William Carey (missionary)

William Carey
William Carey.jpg
Missionary to India
Born(1761-08-17)17 August 1761
Paulerspury, England
Died9 June 1834(1834-06-09) (aged 72)
Serampore, West Bengal, India

William Carey (17 August 1761 – 9 June 1834) was a British Christian missionary, Particular Baptist minister, translator, social reformer and cultural anthropologist who founded the Serampore College and the Serampore University, the first degree-awarding university in India.[1]

He went to Kolkata, West Bengal, India in 1793, but was forced to leave the British Indian territory by non-Baptist Christian missionaries.[2] He joined the Baptist missionaries in the Danish colony of Frederiksnagar in India (Serampore). One of his first contributions was to start schools for impoverished children where they were taught reading, writing, accounting and Christianity.[3] He opened the first theological university in Serampore (India) offering divinity degrees,[4][5] and campaigned to end the practice of sati.[6]

Carey is known as the "father of modern missions."[7] His essay, An Enquiry into the Obligations of Christians to Use Means for the Conversion of the Heathens, led to the founding of the Baptist Missionary Society.[2][8] The Asiatic Society commended Carey for “his eminent services in opening the stores of Indian literature to the knowledge of Europe and for his extensive acquaintance with the science, the natural history and botany of this country and his useful contributions, in every branch.”[9]

He translated the Hindu classic, the Ramayana, into English,[10] and the Bible into Bengali, Oriya, Assamese, Marathi, Hindi and Sanskrit.[2] William Carey has been called a reformer and illustrious Christian missionary.[11][12][13]

Early life

William Carey's motto on a hanging in St James' Church, Paulerspury, Northamptonshire, which Carey attended as a boy
Memorial plaque in St James' Church, Paulerspury, Northamptonshire, which Carey attended as a boy

William Carey, the oldest of 5 children, was born to Edmund and Elizabeth Carey, who were weavers by trade, in the hamlet of Pury End in the village of Paulerspury, Northamptonshire.[14][15] William was raised in the Church of England; when he was six, his father was appointed the parish clerk and village schoolmaster. As a child he was naturally inquisitive and keenly interested in the natural sciences, particularly botany.

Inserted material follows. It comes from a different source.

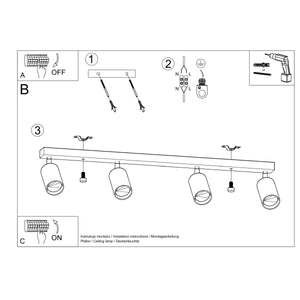 Plafonnier BERG en bois naturel – lumière orientable au style scandinave - Plafonniers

He possessed a natural gift for language, teaching himself Latin.

At the age of 14, Carey's father apprenticed him to a cordwainer in the nearby village of Piddington, Northamptonshire.[16] His master, Clarke Nichols, was a churchman like himself, but another apprentice, John Warr, was a Dissenter. Through his influence Carey would eventually leave the Church of England and join with other Dissenters to form a small Congregational church in nearby Hackleton. While apprenticed to Nichols, he also taught himself Greek with the help of a local villager who had a college education.[citation needed]

When Nichols died in 1779, Carey went to work for the local shoemaker, Thomas Old; he married Old's sister-in-law Dorothy Plackett in 1781 in the Church of St. John the Baptist, Piddington. Unlike William, Dorothy was illiterate; her signature in the marriage register is a crude cross. William and Dorothy Carey had seven children, five sons and two daughters; both girls died in infancy, as well as son Peter, who died at the age of 5. Thomas Old himself died soon afterward, and Carey took over his business, during which time he taught himself Hebrew, Italian, Dutch, and French, often reading while working on his shoes.[citation needed]

Carey acknowledged his humble origins and referred to himself as a cobbler (one who repairs shoes). However, the local community often knew him by the higher status of a shoemaker (or "cordwainer"). John Brown Myers entitled his biography of Carey William Carey the Shoemaker Who Became the Father and Founder of Modern Missions.